This homework question will reference the following assumptions.

Regressor assumptions:

R1: The \(N \times P\) matrix \(\boldsymbol{X}\), which has \(\boldsymbol{x}_n^\intercal\) in the \(n\)–th row, is full column rank
R2: The regressors \(\boldsymbol{x}_n\) are deterministic, and \(\frac{1}{N} \sum_{n=1}^N\boldsymbol{x}_n \boldsymbol{x}_n^\intercal\rightarrow \boldsymbol{\Sigma}_{\boldsymbol{X}}\), where \(\boldsymbol{\Sigma}_{\boldsymbol{X}}\) is positive definite
R3: The regressors \(\boldsymbol{x}_n\) are IID, with positive definite covariance \(\mathrm{Cov}\left(\boldsymbol{x}_n\right)\), and \(\frac{1}{N} \sum_{n=1}^N\boldsymbol{x}_n \boldsymbol{x}_n^\intercal\rightarrow \mathbb{E}\left[\boldsymbol{x}_n \boldsymbol{x}_n^\intercal\right] = \boldsymbol{\Sigma}_{\boldsymbol{X}}\) in probability.

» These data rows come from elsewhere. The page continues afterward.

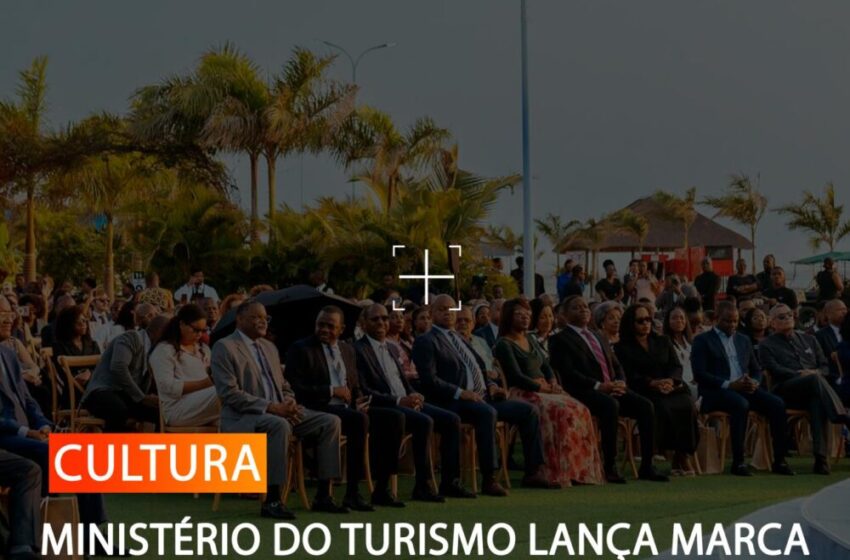 MINISTÉRIO DO TURISMO LANÇA MARCA “VISIT ANGOLA” EM LUANDA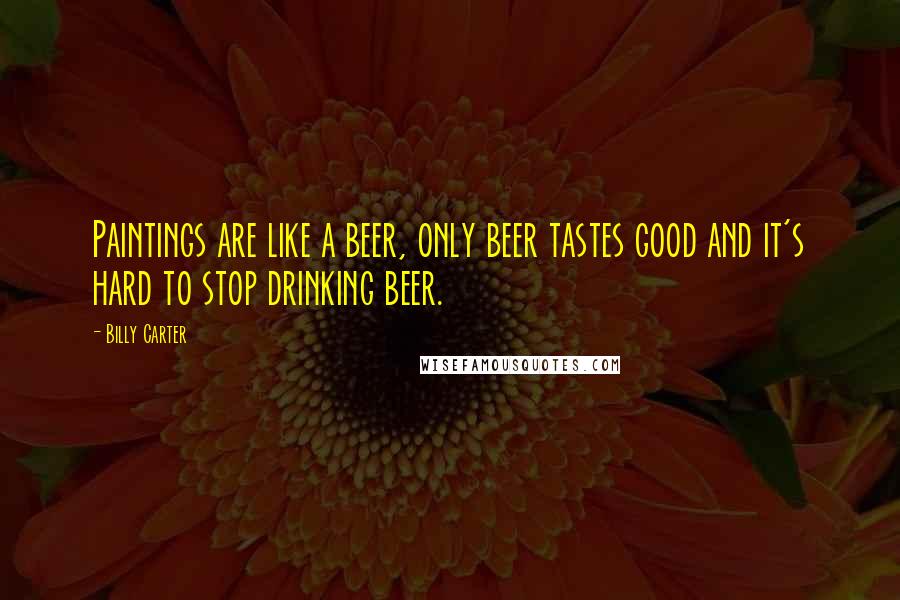 Billy Carter Quotes: Paintings are like a beer, only beer tastes good and it's hard to stop drinking beer.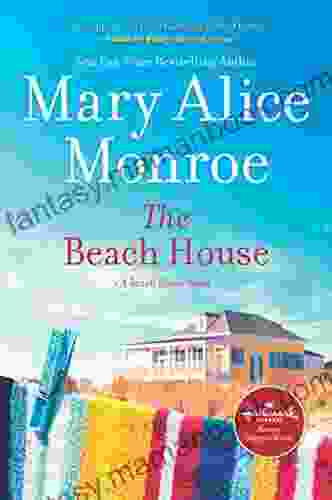 The Beach House Mary Alice Monroe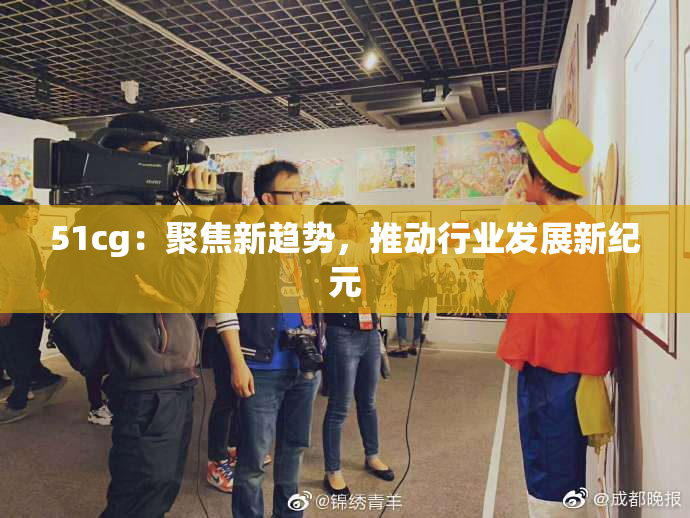 51cg：聚焦新趋势，推动行业发展新纪元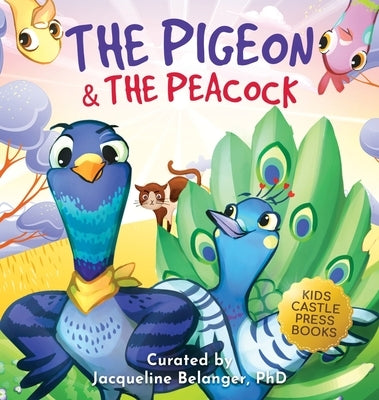 The Pigeon & The Peacock: A Children's Picture Book About Friendship, Jealousy, and Courage Dealing with Social Issues (Pepper the Pigeon) by Trace, Jennifer L.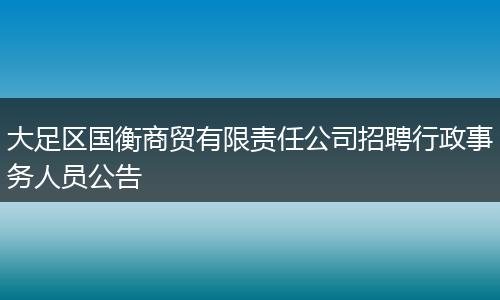 大足区国衡商贸有限责任公司招聘行政事务人员公告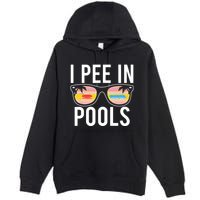 I Pee In Pools Funny Cool Premium Pullover Hoodie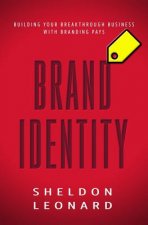 Brand Identity: Building Your Breakthrough Business with Branding Pays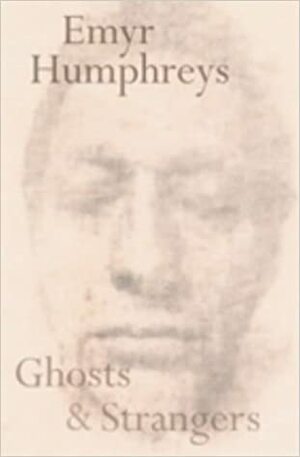 Ghosts and Strangers by Emyr Humphreys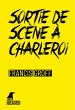 Sortie de scène à Charleroi (eBook,... - Bild 1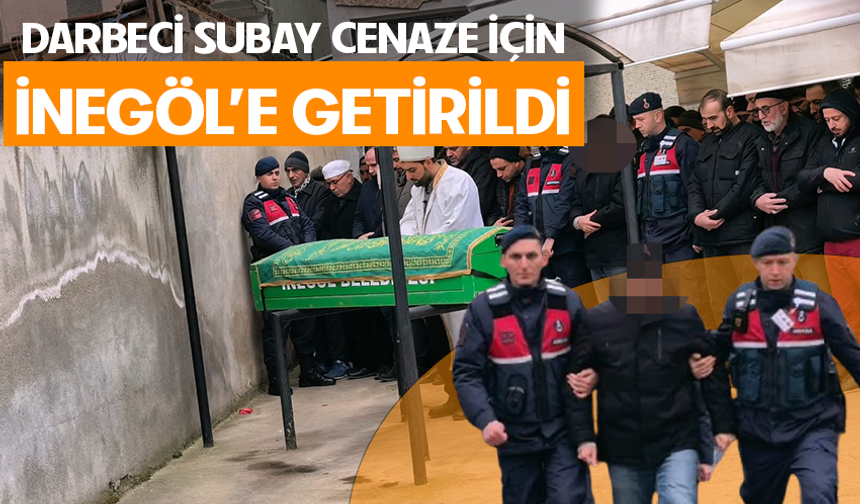 Darbeci Subay Yüzbaşı Kenan Erkalkan cenaze için İnegöl'e getirildi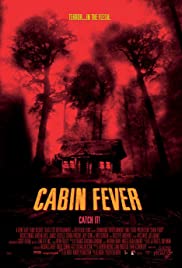 Cabin Fever (2002)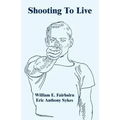 Shooting To Live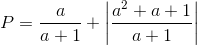 P=\frac{a}{a+1}+\left | \frac{a^{2}+a+1}{a+1} \right |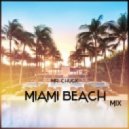 Mr. Chuck - Miami Beach Mix (2017)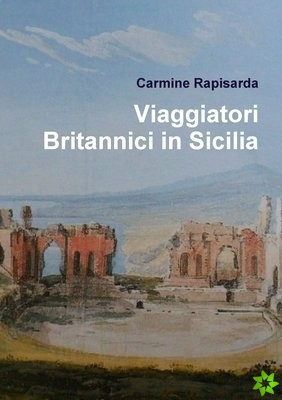 Viaggiatori Britannici in Sicilia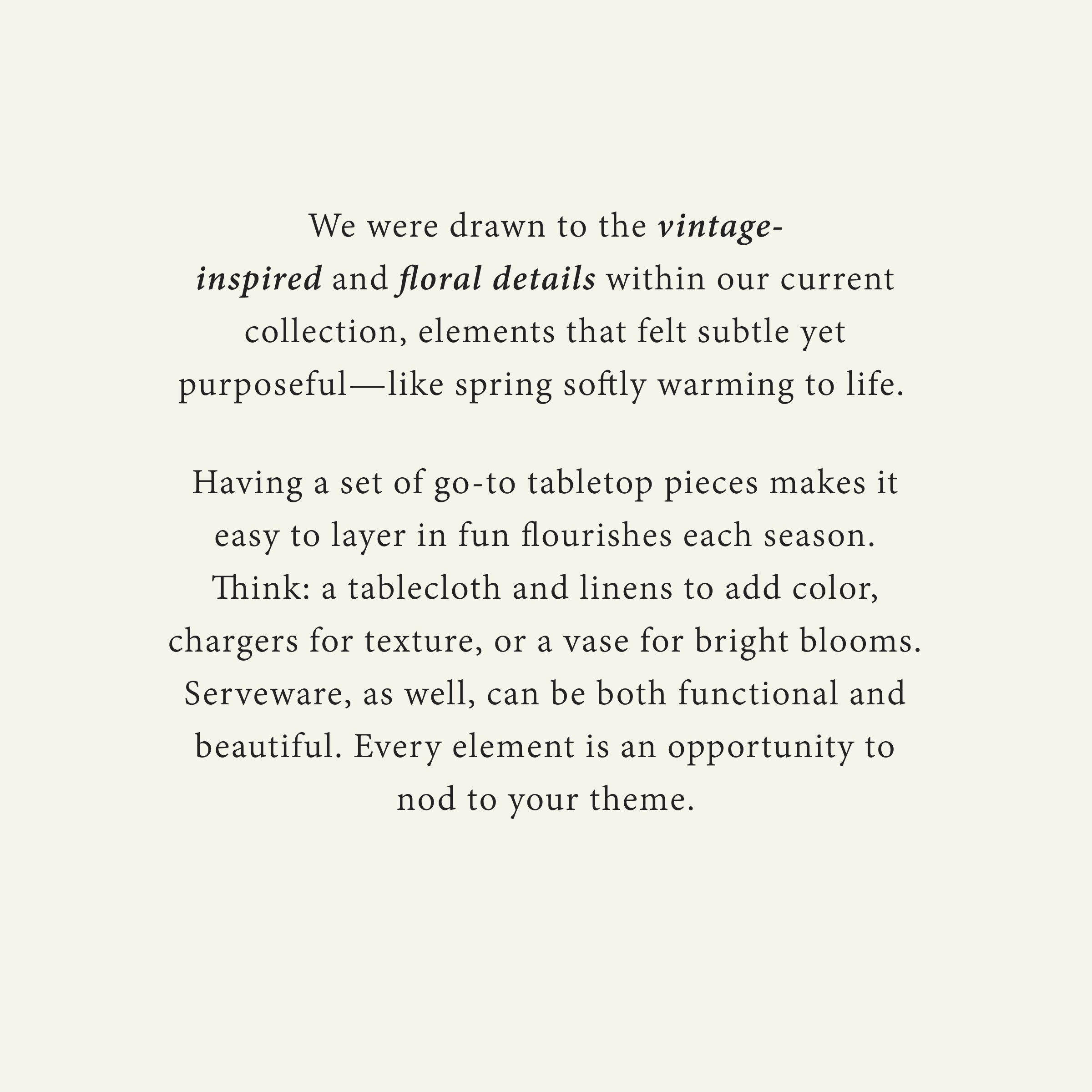 We were drawn to the vintage-inspired and floral details within our current collection, elements that felt subtle yet purposeful—like spring softly warming to life. 

Having a set of go-to tabletop pieces makes it easy to layer in fun flourishes each season. Think: a tablecloth and linens to add color, chargers for texture, or a vase for bright blooms. Serveware, as well, can be both functional and beautiful. Every element is an opportunity to nod to your theme.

Model assumptions (for all \(n\)):

M1: There exists a \(\boldsymbol{\beta}\) such that \(y_n = \boldsymbol{\beta}^\intercal\boldsymbol{x}_n + \varepsilon_n\) for all \(n\)
M2: The residuals \(\varepsilon_n\) are IID with \(\varepsilon_n \vert \boldsymbol{x}_n \sim \mathcal{N}\left(0, \sigma^2\right)\) for some \(\sigma^2\)
M3: The residuals \(\varepsilon_n\) are independent with \(\mathbb{E}\left[\varepsilon_n | \boldsymbol{x}_n\right] = 0\) and \(\mathbb{E}\left[\varepsilon_n^2 | \boldsymbol{x}_n\right] = \sigma^2\)
M4: The residuals \(\varepsilon_n\) are independent with \(\mathbb{E}\left[\varepsilon_n | \boldsymbol{x}_n\right] = 0\) and \(\mathbb{E}\left[\varepsilon_n^2 | \boldsymbol{x}_n\right] = \sigma_n^2\)
M5: The pairs \((\boldsymbol{x}_n, y_n)\) are IID
M6: For all finite vectors \(\boldsymbol{v}\), \(\frac{1}{N} \sum_{n=1}^N\mathbb{E}\left[(y_n - \boldsymbol{v}^\intercal\boldsymbol{x}_n)^2 \boldsymbol{x}_n \boldsymbol{x}_n^\intercal\right] \rightarrow \boldsymbol{V}(\boldsymbol{v}) < \infty\), where each entry of the limiting matrix is finite. (The limit depends on \(\boldsymbol{v}\), but importantly \(\boldsymbol{V}(\boldsymbol{v})\) is finite for all finite \(\boldsymbol{v}\)).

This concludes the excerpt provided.